> [RECORD SET]
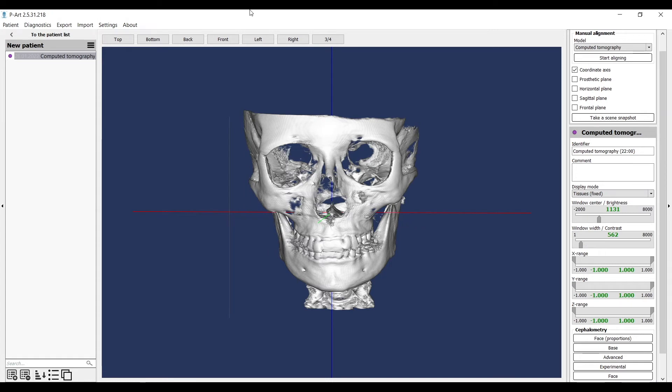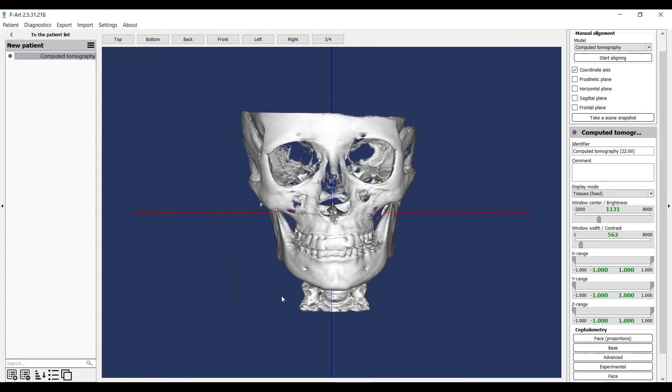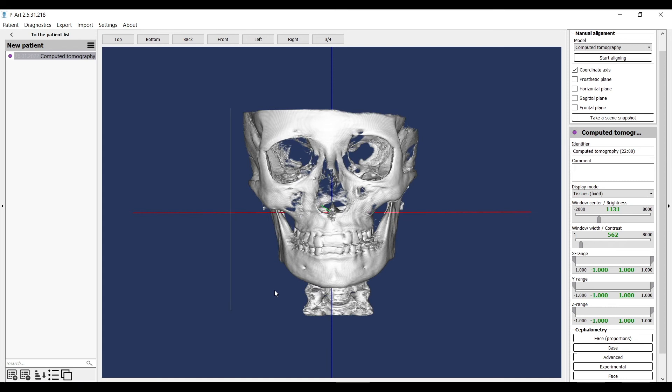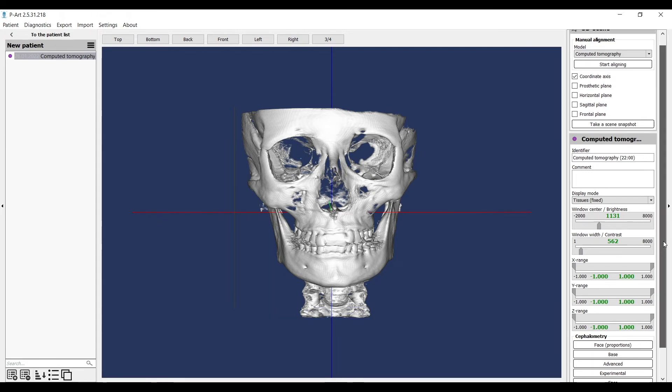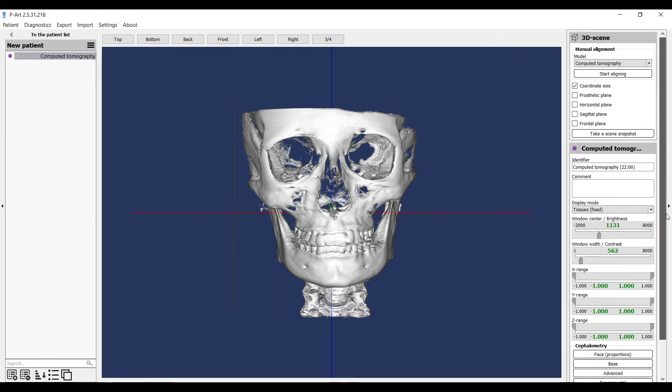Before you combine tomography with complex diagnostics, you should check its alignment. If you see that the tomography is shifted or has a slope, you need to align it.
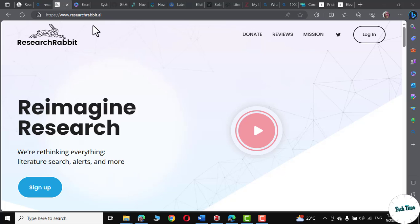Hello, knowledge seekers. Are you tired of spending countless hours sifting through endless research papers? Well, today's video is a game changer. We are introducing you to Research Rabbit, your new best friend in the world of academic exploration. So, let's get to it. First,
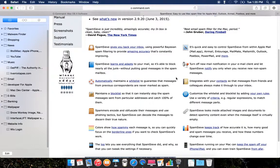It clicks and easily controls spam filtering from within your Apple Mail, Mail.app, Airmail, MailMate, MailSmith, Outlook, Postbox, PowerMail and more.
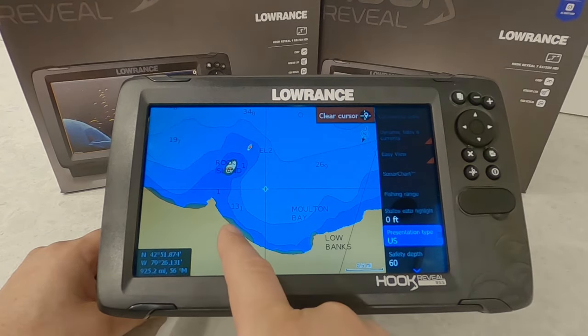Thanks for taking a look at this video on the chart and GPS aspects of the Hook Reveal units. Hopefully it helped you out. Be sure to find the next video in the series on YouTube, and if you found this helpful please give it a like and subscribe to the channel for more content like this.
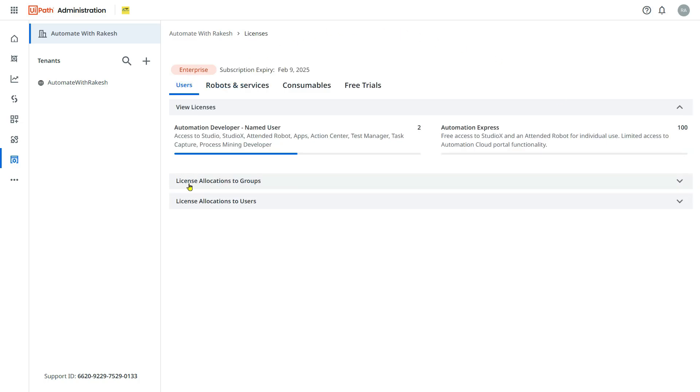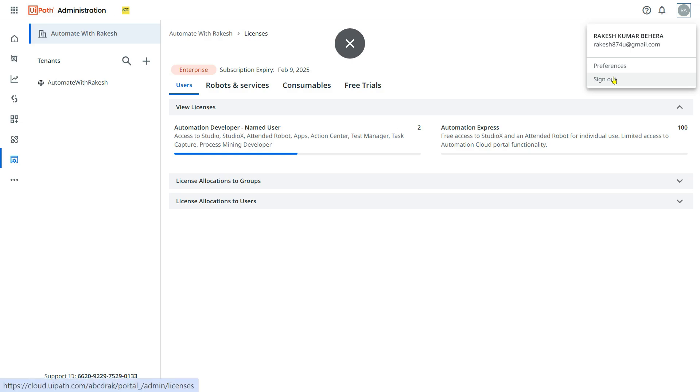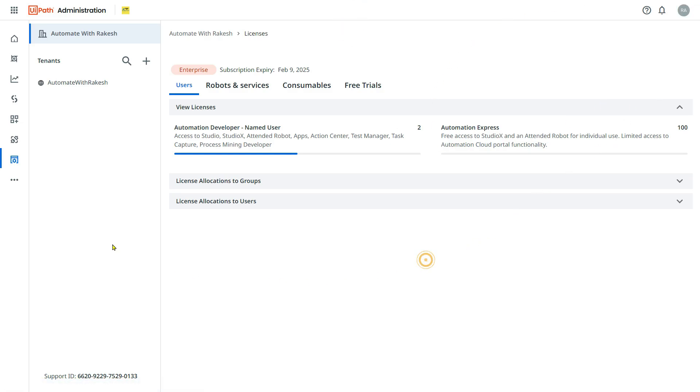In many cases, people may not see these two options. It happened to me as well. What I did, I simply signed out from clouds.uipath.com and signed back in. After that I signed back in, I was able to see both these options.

> [TASK STATEMENT]
Please print the records above once more, word for word, omitting all pictures.

> [ANSWER TO THIS PROBLEM]
Before you combine tomography with complex diagnostics, you should check its alignment. If you see that the tomography is shifted or has a slope, you need to align it.
Hello, knowledge seekers. Are you tired of spending countless hours sifting through endless research papers? Well, today's video is a game changer. We are introducing you to Research Rabbit, your new best friend in the world of academic exploration. So, let's get to it. First,
It clicks and easily controls spam filtering from within your Apple Mail, Mail.app, Airmail, MailMate, MailSmith, Outlook, Postbox, PowerMail and more.
Thanks for taking a look at this video on the chart and GPS aspects of the Hook Reveal units. Hopefully it helped you out. Be sure to find the next video in the series on YouTube, and if you found this helpful please give it a like and subscribe to the channel for more content like this.
In many cases, people may not see these two options. It happened to me as well. What I did, I simply signed out from clouds.uipath.com and signed back in. After that I signed back in, I was able to see both these options.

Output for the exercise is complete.